“Saibashi” is the chopsticks which are used for various types of cooking including simmering, oiling, saut, frying, etc. and used for dishing up. Althoungh many kinds of chopsticks are sold in the market, few studies have been made as to which type of chopsticks are easy to use and as to how they can be selected in accordance with the type of cooking.
This report was attempted to research on the cooking functionalities of “saibashi” and its selective use in the each type of cooking. With 5 types of dishes being actually cooked, the comparison was made for the following sets of chopsticks sold in the market: (1) short-size (30cm) and long -size (33cm) chopsticks; (2) chopsticks with and without non-slippery treatment; (3) chopsticks with and without strings; (4) metal-made and bamboo-made chopsticks. The evaluations were made according to the 5-point scoring method with 10-11 items.
The following findings were obtained: 1. When used for cooking in direct contact with heat, i. e., frying and saute, long-size chopsticks were preferable because it was unlikely that the hands would feel too hot and would contact the oil. For other types of cooking, however, short-size chopsticks were easier to use.
2. The chopsticks with strings at the top were rated lower in respect to 10 items than those without strings.
3. The chopsticks with non-slippery treatment at the top were rated higher in respect to 10 items than those without non-slippery treatment.

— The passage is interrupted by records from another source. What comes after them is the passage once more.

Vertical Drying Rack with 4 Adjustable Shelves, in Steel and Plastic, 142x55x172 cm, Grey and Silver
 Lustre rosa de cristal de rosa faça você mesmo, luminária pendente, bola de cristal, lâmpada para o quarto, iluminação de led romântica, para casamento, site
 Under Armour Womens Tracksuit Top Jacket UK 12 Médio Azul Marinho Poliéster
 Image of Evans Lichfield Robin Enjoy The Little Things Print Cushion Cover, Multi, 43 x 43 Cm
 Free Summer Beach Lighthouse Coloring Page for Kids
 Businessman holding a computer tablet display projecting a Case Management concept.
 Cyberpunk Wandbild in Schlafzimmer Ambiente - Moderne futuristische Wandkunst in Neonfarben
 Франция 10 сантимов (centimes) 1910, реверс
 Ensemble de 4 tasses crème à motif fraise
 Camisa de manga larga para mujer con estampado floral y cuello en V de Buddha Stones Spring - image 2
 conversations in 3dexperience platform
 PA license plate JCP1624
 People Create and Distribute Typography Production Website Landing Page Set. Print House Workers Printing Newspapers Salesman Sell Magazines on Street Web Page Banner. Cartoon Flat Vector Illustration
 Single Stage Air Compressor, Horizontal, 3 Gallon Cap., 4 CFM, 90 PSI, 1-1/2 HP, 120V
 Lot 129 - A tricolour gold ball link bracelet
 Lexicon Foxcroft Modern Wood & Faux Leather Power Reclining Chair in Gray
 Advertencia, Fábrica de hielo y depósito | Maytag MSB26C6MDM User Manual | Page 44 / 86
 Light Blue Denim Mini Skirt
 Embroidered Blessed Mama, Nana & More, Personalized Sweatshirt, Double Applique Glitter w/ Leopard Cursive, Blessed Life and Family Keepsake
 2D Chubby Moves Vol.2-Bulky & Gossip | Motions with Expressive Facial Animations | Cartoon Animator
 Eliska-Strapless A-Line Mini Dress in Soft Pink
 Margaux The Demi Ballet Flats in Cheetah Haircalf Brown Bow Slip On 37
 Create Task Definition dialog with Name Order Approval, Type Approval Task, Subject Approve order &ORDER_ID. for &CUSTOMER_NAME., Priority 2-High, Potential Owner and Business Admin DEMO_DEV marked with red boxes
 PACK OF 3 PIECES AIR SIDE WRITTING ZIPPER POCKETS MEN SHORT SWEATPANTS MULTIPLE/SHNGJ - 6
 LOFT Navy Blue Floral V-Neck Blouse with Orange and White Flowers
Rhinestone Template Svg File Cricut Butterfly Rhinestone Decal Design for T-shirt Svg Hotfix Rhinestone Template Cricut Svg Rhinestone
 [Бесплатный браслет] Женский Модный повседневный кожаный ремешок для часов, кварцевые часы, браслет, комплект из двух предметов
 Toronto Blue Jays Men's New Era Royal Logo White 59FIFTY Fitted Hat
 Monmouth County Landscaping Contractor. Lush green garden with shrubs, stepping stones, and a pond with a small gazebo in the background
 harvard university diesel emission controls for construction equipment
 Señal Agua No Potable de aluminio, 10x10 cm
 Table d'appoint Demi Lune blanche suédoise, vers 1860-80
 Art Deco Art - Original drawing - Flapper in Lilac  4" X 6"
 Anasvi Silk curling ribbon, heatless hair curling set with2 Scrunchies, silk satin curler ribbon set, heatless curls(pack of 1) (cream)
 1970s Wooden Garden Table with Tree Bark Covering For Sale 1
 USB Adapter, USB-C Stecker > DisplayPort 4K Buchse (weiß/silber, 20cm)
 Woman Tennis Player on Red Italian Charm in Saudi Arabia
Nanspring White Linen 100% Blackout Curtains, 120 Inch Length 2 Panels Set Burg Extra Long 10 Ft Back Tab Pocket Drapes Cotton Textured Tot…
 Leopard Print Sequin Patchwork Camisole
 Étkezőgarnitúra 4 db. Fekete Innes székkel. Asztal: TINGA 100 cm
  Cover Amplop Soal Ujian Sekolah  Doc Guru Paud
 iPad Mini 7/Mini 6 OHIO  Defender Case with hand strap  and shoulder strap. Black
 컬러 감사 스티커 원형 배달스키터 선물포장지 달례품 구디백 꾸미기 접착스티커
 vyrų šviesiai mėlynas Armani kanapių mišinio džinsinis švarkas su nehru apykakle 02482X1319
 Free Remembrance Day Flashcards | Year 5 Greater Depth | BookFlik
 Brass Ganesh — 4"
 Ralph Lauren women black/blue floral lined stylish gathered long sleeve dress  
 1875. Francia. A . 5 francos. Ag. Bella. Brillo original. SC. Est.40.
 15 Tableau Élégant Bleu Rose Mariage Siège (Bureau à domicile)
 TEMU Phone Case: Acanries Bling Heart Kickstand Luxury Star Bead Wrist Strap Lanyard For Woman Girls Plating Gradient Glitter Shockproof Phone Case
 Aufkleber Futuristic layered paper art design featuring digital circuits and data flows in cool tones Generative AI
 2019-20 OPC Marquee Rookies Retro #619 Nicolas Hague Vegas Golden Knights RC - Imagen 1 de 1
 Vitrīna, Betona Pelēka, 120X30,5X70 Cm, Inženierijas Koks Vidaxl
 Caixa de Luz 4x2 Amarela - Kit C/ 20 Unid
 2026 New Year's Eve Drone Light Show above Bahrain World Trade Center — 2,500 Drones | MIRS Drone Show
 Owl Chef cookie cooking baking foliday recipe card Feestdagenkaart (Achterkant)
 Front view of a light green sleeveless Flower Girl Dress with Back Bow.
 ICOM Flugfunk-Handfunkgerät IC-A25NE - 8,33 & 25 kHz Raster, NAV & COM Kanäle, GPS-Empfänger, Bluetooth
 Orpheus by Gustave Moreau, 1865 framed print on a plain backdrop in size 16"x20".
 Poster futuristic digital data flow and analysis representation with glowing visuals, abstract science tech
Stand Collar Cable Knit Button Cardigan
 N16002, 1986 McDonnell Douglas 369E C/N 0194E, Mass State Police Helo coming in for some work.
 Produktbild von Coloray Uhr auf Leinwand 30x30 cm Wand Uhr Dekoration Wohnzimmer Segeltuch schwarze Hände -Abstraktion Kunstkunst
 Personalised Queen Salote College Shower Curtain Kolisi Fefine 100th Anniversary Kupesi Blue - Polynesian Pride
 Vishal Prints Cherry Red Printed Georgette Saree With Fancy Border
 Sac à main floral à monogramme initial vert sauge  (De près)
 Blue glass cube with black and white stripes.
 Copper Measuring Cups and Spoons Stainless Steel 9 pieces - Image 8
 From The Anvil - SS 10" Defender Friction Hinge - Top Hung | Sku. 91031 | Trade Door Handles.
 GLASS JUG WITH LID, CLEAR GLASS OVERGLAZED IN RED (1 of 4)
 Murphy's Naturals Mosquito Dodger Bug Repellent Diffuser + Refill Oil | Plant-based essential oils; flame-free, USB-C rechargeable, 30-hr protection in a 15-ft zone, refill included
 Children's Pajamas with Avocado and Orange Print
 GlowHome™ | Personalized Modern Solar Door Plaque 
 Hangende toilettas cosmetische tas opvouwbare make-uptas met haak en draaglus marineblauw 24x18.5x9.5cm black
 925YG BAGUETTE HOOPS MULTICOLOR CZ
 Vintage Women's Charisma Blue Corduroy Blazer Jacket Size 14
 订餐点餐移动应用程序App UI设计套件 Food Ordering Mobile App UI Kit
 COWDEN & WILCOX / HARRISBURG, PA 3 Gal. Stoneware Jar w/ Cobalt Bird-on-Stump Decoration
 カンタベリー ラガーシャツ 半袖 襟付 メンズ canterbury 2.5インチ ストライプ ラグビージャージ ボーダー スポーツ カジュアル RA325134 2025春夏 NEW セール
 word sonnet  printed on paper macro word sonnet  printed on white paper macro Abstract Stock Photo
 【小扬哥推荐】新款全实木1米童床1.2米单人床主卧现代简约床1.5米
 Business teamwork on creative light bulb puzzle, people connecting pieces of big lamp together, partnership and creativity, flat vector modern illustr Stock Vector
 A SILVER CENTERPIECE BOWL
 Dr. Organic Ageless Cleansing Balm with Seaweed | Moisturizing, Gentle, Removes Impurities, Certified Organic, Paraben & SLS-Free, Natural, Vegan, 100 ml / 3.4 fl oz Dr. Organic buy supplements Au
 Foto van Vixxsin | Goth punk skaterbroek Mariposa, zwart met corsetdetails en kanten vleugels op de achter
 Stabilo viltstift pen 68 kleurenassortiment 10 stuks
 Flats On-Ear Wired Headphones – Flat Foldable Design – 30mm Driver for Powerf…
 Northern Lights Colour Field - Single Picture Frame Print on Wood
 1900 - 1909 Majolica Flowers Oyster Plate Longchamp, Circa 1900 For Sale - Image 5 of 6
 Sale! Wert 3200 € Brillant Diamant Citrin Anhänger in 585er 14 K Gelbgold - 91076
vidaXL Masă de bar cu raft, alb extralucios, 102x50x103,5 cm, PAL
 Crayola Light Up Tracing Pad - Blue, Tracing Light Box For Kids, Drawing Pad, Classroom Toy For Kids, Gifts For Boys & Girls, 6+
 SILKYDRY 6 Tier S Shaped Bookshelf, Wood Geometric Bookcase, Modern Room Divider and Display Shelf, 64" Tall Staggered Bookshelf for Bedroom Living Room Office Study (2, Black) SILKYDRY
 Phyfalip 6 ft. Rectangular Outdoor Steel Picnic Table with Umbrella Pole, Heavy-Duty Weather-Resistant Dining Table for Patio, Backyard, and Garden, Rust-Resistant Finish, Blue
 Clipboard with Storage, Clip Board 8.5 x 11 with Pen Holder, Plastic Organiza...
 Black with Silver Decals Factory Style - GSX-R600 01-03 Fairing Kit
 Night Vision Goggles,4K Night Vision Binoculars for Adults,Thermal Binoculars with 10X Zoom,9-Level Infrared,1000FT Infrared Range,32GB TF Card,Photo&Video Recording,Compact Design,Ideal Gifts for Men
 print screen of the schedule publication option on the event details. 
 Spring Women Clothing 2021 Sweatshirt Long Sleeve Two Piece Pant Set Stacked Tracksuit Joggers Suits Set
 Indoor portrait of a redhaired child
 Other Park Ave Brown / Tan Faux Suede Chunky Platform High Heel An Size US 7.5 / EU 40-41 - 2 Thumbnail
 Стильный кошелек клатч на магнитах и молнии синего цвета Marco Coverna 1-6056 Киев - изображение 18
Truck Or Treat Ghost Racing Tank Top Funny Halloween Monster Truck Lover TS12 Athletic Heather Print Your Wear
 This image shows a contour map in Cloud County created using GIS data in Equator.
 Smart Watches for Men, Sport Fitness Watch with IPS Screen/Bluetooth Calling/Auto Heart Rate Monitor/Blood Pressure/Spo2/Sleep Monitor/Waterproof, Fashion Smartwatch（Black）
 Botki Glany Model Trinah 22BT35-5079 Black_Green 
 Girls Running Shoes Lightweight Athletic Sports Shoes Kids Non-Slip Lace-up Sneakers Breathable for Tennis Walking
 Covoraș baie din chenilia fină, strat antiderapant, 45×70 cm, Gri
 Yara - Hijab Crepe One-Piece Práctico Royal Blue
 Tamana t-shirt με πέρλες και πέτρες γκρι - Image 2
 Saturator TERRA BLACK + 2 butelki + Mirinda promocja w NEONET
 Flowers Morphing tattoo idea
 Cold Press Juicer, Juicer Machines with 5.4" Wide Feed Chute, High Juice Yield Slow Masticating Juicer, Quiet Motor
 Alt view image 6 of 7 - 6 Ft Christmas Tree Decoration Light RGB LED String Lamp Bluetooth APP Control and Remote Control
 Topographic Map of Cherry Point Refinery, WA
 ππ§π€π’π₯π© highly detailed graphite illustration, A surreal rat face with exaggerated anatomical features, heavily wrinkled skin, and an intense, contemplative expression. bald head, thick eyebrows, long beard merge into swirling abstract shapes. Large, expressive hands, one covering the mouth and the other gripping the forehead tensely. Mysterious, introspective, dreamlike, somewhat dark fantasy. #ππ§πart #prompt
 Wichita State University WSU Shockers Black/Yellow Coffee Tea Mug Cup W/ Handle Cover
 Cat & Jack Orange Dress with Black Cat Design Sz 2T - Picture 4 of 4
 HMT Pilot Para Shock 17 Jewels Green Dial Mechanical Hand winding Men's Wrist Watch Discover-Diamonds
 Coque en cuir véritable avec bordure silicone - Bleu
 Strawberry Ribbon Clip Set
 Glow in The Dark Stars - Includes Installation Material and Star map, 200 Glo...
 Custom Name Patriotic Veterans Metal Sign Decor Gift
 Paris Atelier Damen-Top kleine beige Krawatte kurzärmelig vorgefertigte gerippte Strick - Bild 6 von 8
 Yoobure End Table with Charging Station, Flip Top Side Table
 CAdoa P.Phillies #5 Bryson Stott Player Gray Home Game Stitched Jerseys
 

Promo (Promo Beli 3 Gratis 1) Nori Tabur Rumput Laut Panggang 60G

4. The metal chopsticks for frying with the holding parts coated with plastics were rated higher during the frying process than the ordinary type-bamboo chopsticks. In respect to other 9 items, however, the bamboo-made ones were rated higher.
5. For the types of cooking like saute and frying using strong fire, long-size chosticks were preferable. For other types of cooking, however, short-size, no-string and non-slippery chopsticks were easy to use.
From these results it was observed that the chopsticks should be selected in accordance with the type of cooking.